● **INPUT MATERIAL**
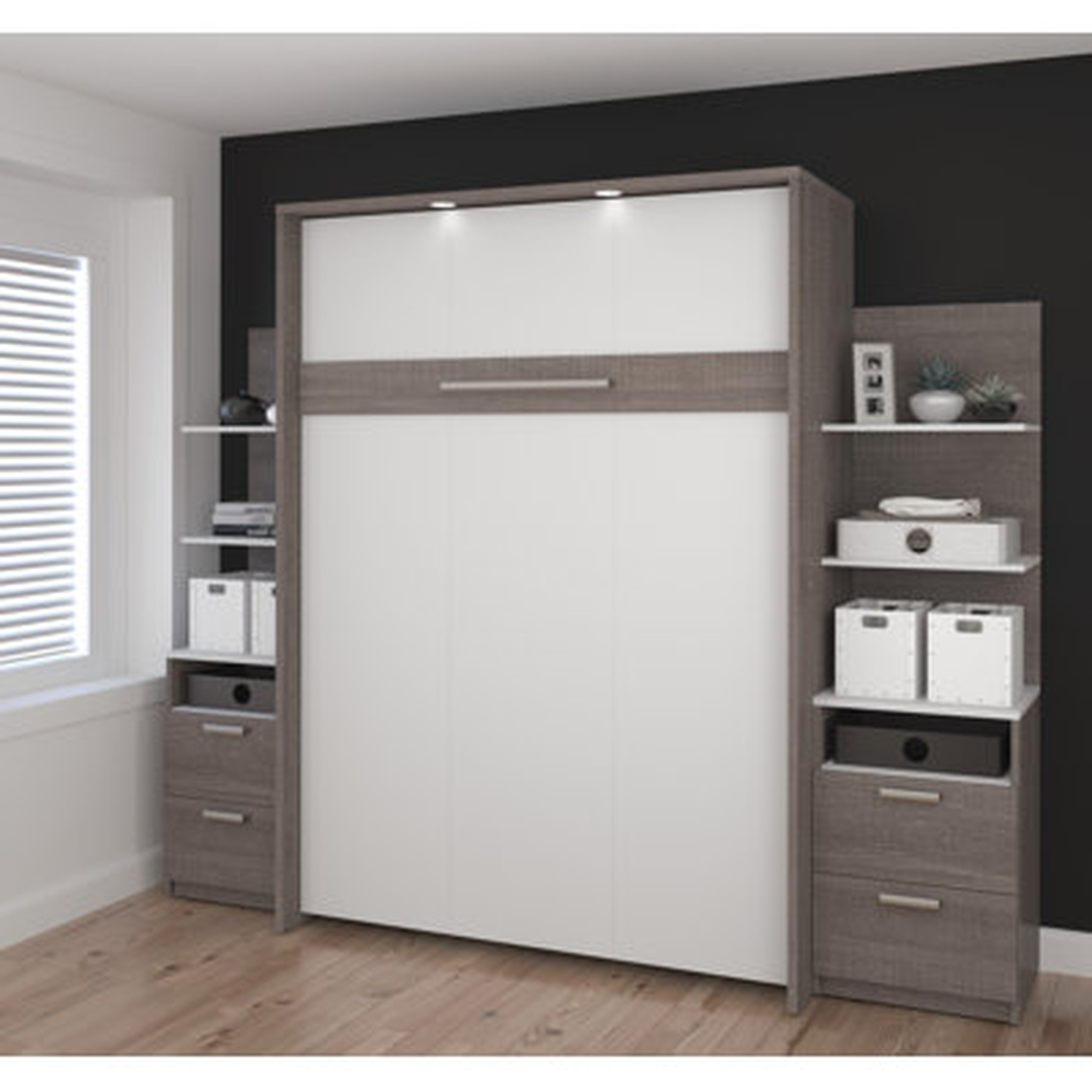 Osterman Murphy Bed - Wayfair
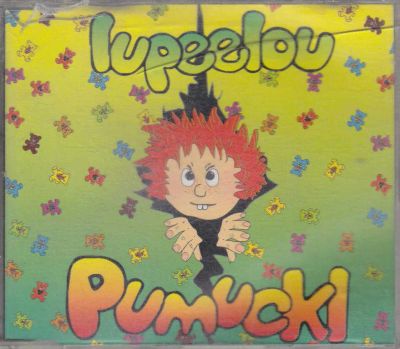 Лот: 5914539. Фото: 1. Lupeelou =Pumuckl= 1994 CD Germany. Аудиозаписи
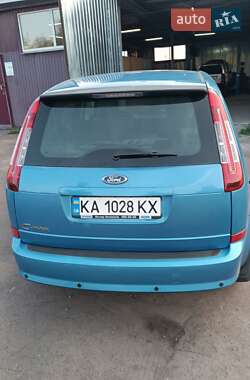 Минивэн Ford C-Max 2008 в Оброшином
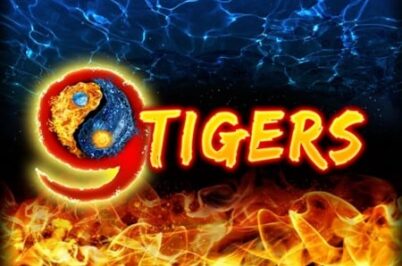 9 Tigers od Wazdan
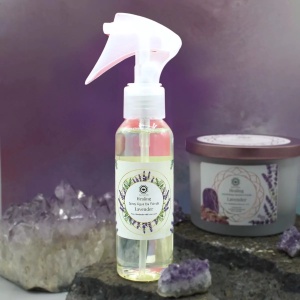 Florida Water Spray Lavender (Healing) – Apa ritualica pentru vindecare, Green Tree 100 ml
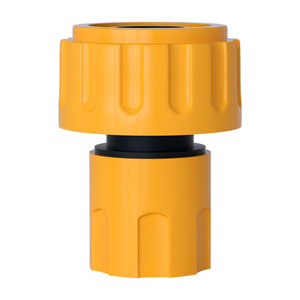 Raccord rapide Guoma Ruixiang PVC 1 pouce pour tuyau d'arrosage et robinet de jardin - Product Image 4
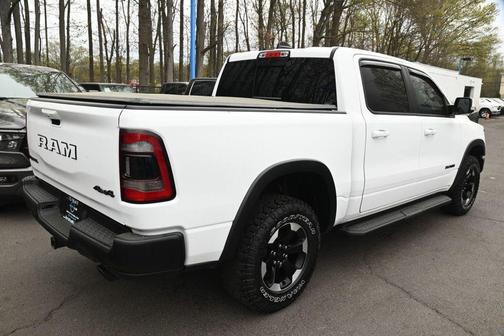 2021 RAM 1500 Rebel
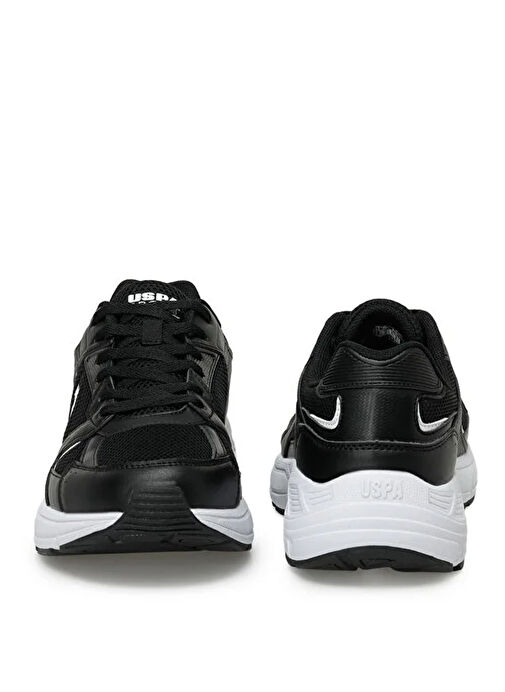 U.s. Polo Assn. U.S. Polo Assn. Siyah-Beyaz Erkek Sneaker FELIX 4FX Boyner'de! Siyah - 6. görsel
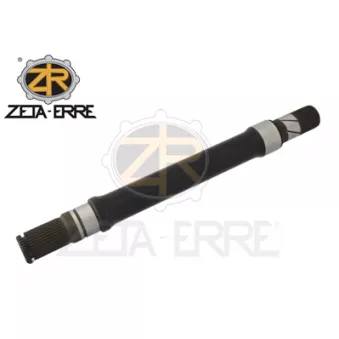 ZETA-ERRE ZR7239 - Arbre d'entraînement, différentiel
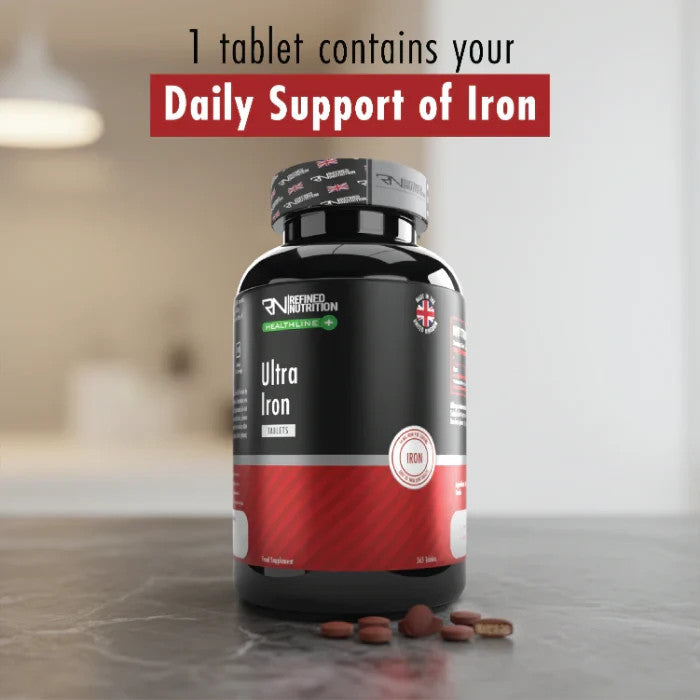 Refined Nutrition Ultra Iron 14mg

● **YOUR TASK**
Repeat exactly the lines from the start of the entries down to the line with "Florida Water Spray", keeping both ends but none of the pictures.

● **SOLUTION BELOW**
 Osterman Murphy Bed - Wayfair
 Лот: 5914539. Фото: 1. Lupeelou =Pumuckl= 1994 CD Germany. Аудиозаписи
 Минивэн Ford C-Max 2008 в Оброшином
 9 Tigers od Wazdan
 Florida Water Spray Lavender (Healing) – Apa ritualica pentru vindecare, Green Tree 100 ml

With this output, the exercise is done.